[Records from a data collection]
━━━━━━━━

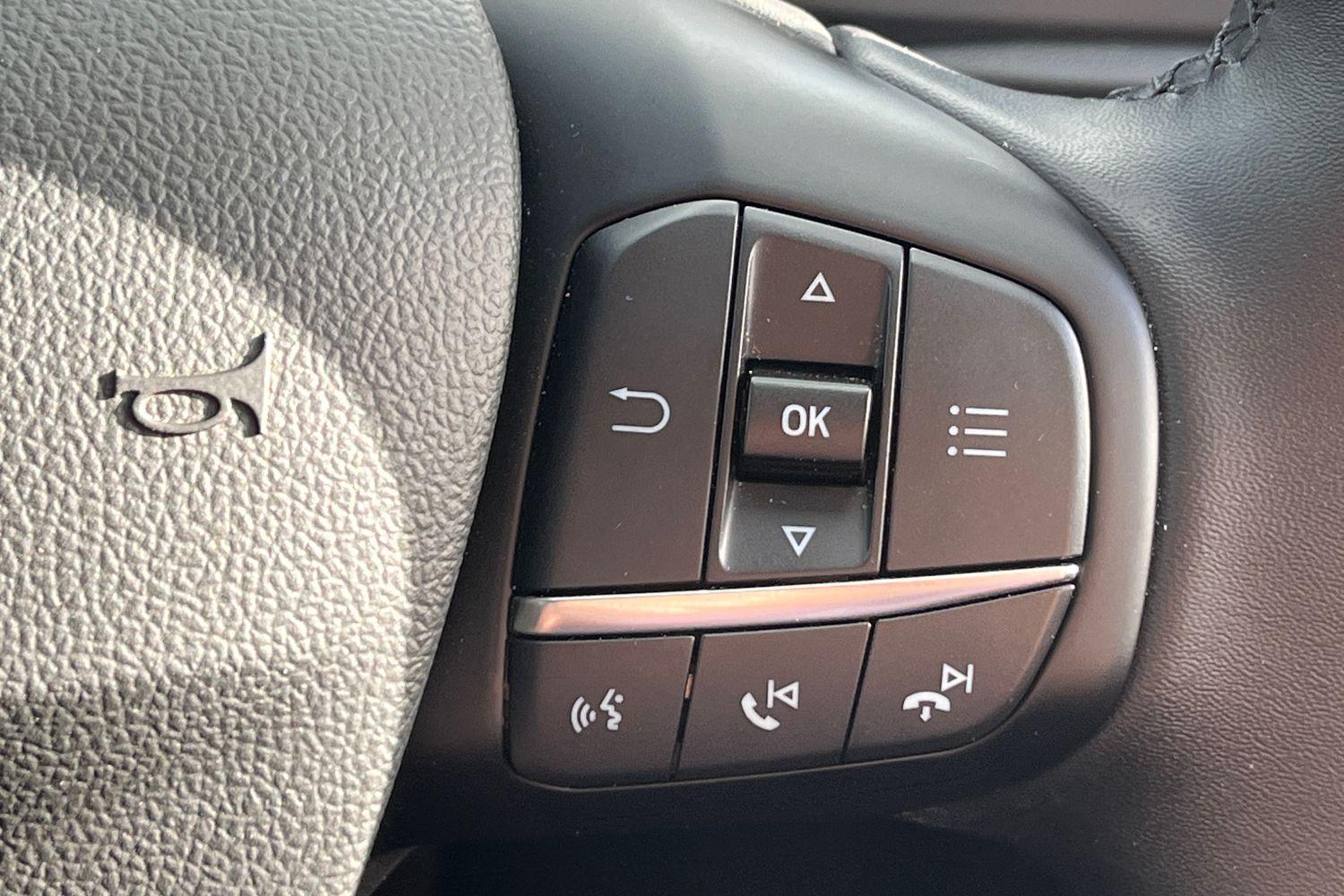 Ford FOCUS Photo 38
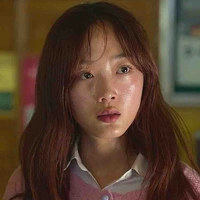 Lee Na Yeon 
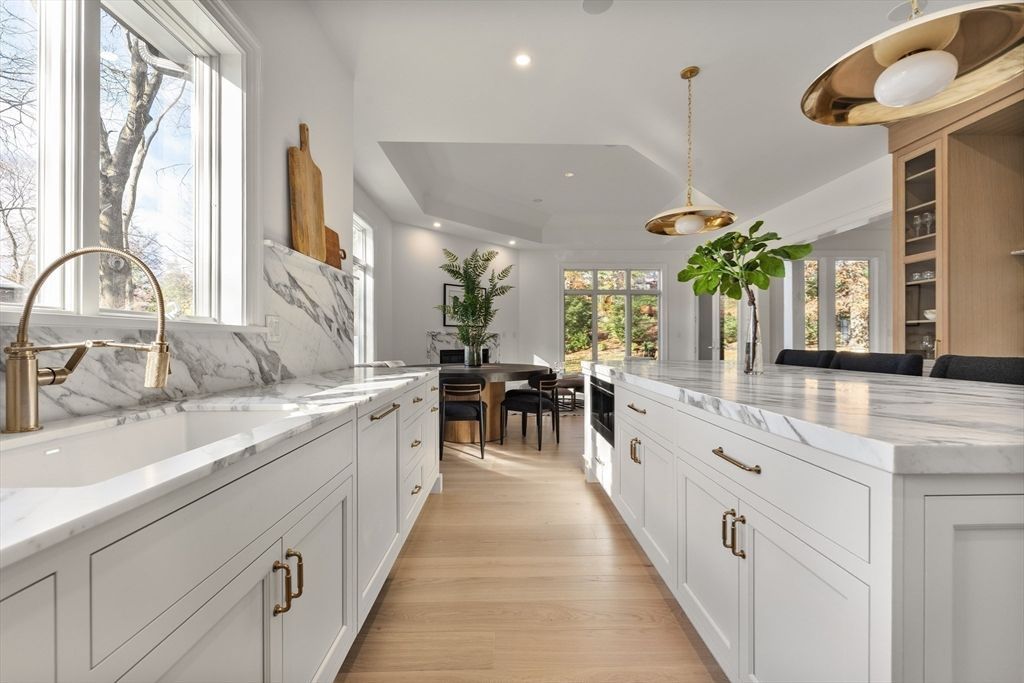 Dining room, Interior, Kitchen, Pendant Lights, Recessed Lighting, Wood Texture Flooring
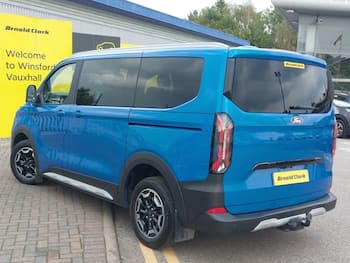 Used Ford Tourneo Custom 2025 for sale - 79642361: Photo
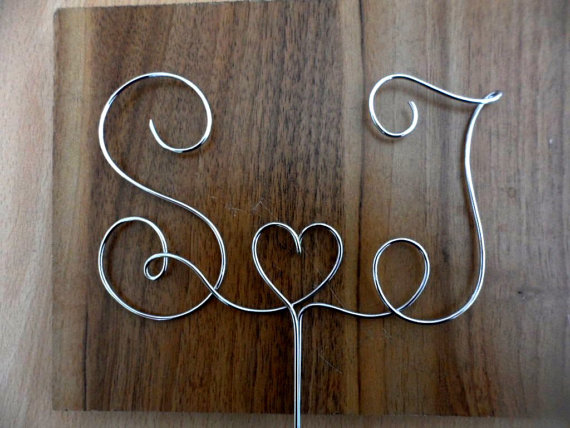 Wedding - Wedding Cake Topper,  Silver cake topper - Gold cake topper -Monogram  Mr. and Mrs Two lovers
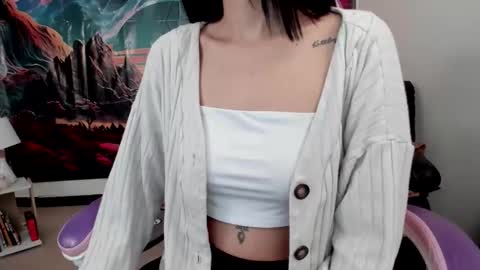 Snapshot of yunablack chatting on November 2025 04:18:02 PM Yuna online show from November 2025 04:18:02 PM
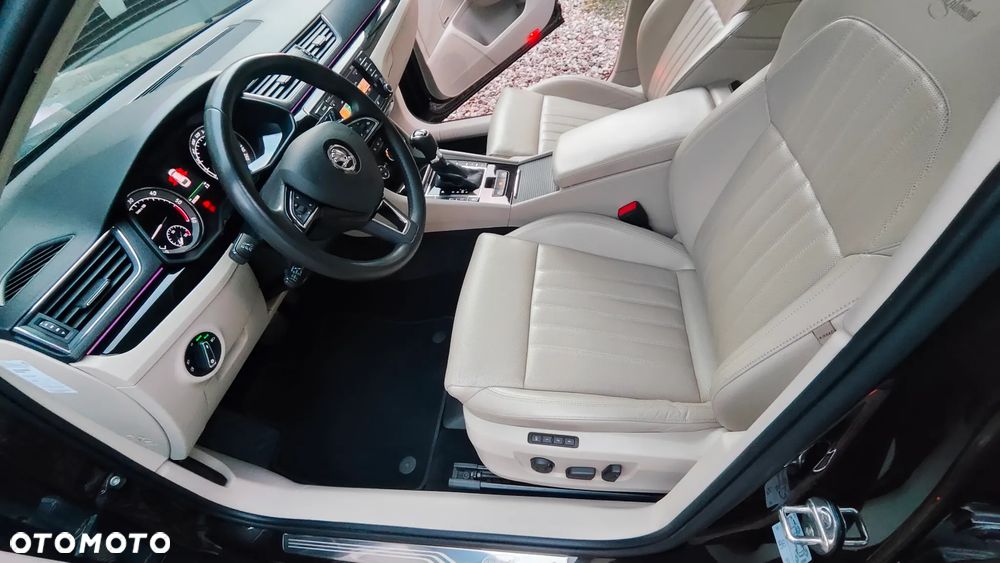 Skoda Superb 2.0 TDI L&K DSG - 12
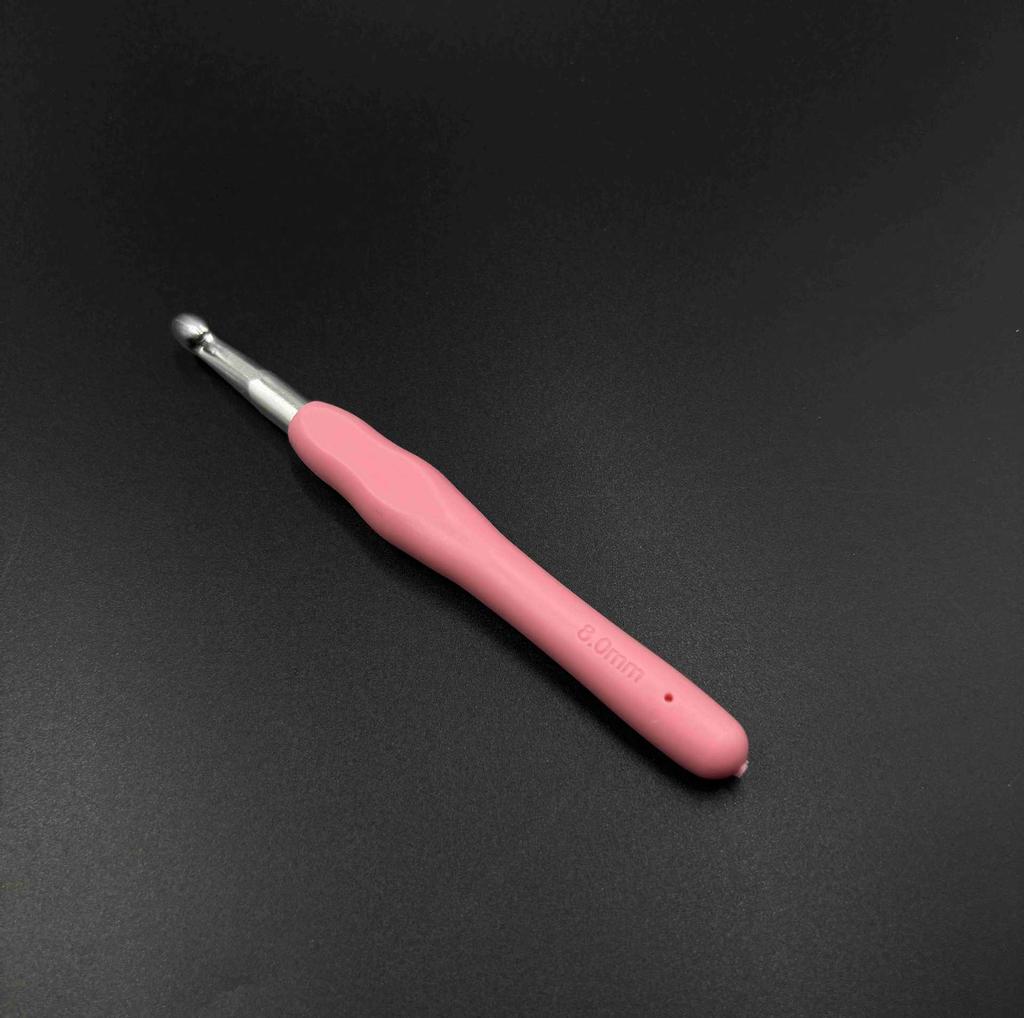 Hand-Knitted Rainbow Soft Handle Aluminum Crochet Hook Set with Yarn Needle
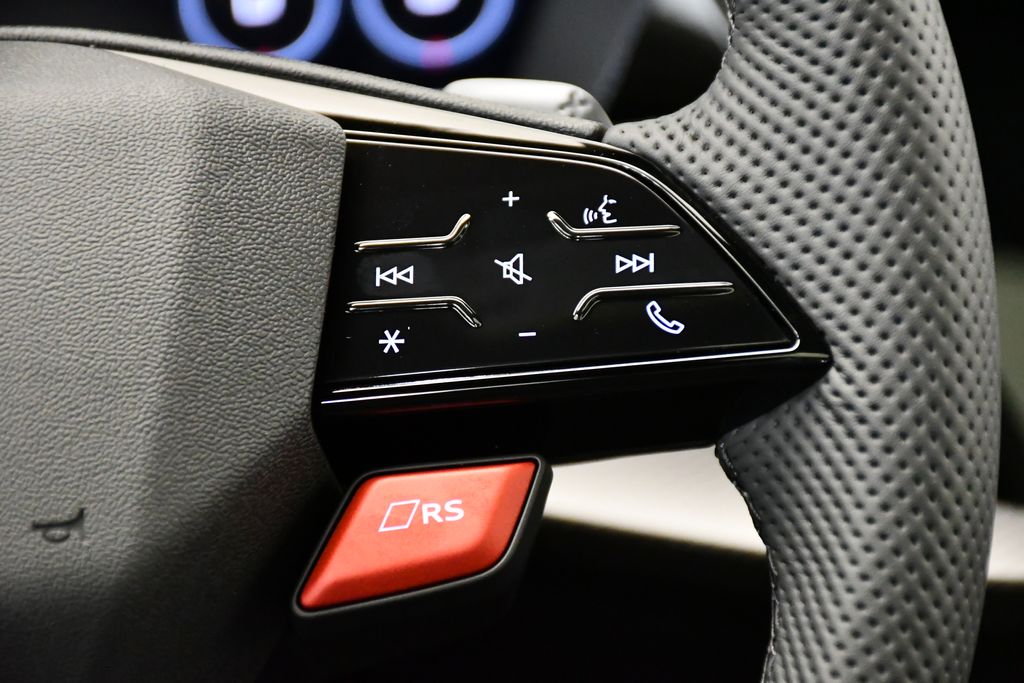 Thumbnail: 2025 Audi RS 3 - 23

━━━━━━━━

(TASK BRIEF) Exactly the lines from the one holding "Skoda Superb 2.0 TDI L&K DSG - 12" through the last line of the entries must be set down, with nothing added and no pictures.

(SOLUTION TO THE PROBLEM)
 Skoda Superb 2.0 TDI L&K DSG - 12
 Hand-Knitted Rainbow Soft Handle Aluminum Crochet Hook Set with Yarn Needle
 Thumbnail: 2025 Audi RS 3 - 23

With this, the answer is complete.